In those days all eight first-round games were played on a Thursday. That made for a long day but I didn’t mind. I had become a big Lafayette fan and the Generals were in the Sweet 16 that year.
Playing in that tourney were Cliff Hagan of Owensboro and Frank Ramsey of Madisonville, who became teammates the next season at the University of Kentucky, and after that they became standout players for the St. Louis Hawks and the Boston Celtics, respectively, in the NBA.
Gayle Rose, who played for Paris, also was in the ’49 tournament and he joined Hagan and Ramsey at UK.
To my delight Lafayette – coached by Ralph Carlisle, my gym teacher– made it to the championship game on Saturday night, but lost to Owensboro.
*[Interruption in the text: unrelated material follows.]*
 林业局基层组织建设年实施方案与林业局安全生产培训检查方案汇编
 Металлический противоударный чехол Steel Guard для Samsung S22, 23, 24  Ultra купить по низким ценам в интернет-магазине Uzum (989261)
All Hagan did was score a then-record 41 points in Owensboro’s 65-47 victory.
Lafayette’s best player then was a junior, Bob Mulcahy, who led the Generals to the state crown in 1950. Mulcahy, who played college ball at Eastern Kentucky, later coached Louisville Seneca to Sweet 16 crowns in 1963 and ’64.
After graduating from Atherton High in Louisville, where future University of Louisville All-American Charlie Tyra was a classmate, I attended UK and decided to major in Journalism.
Lucky for me, the assistant sports editor of the UK newspaper – The Kernel—was in my fraternity and he asked me to cover intramural sports on campus.
I took my diploma from UK in June, 1957, and worked four months for the Cynthiana Democrat before taking a job in Cleveland,. Tenn., which is 20 miles north of Chattanooga. A year and a half later, my favorite professor at UK – J..A. McCauley—called me and said he had an interview for me with C-J Sports Editor Earl Ruby the next week.
I started at The C-J on March 2, 1959, and in August, 1962, I replaced the legendary Earl Cox as the head high school writer. Cox moved up to an administrative position and later became Executive Editor of The C-J and Louisville Times.
I covered Kentucky highs for 38 years full-time. When I retired in Oct. 1, 2000, I was asked if I would freelance for the paper after that. I did for 15 years, mostly writing high school stories.
Even now, I often wonder where I would be today if McCauley hadn’t called me and if I hadn’t gone to that Sweet 16 shootout in 1949.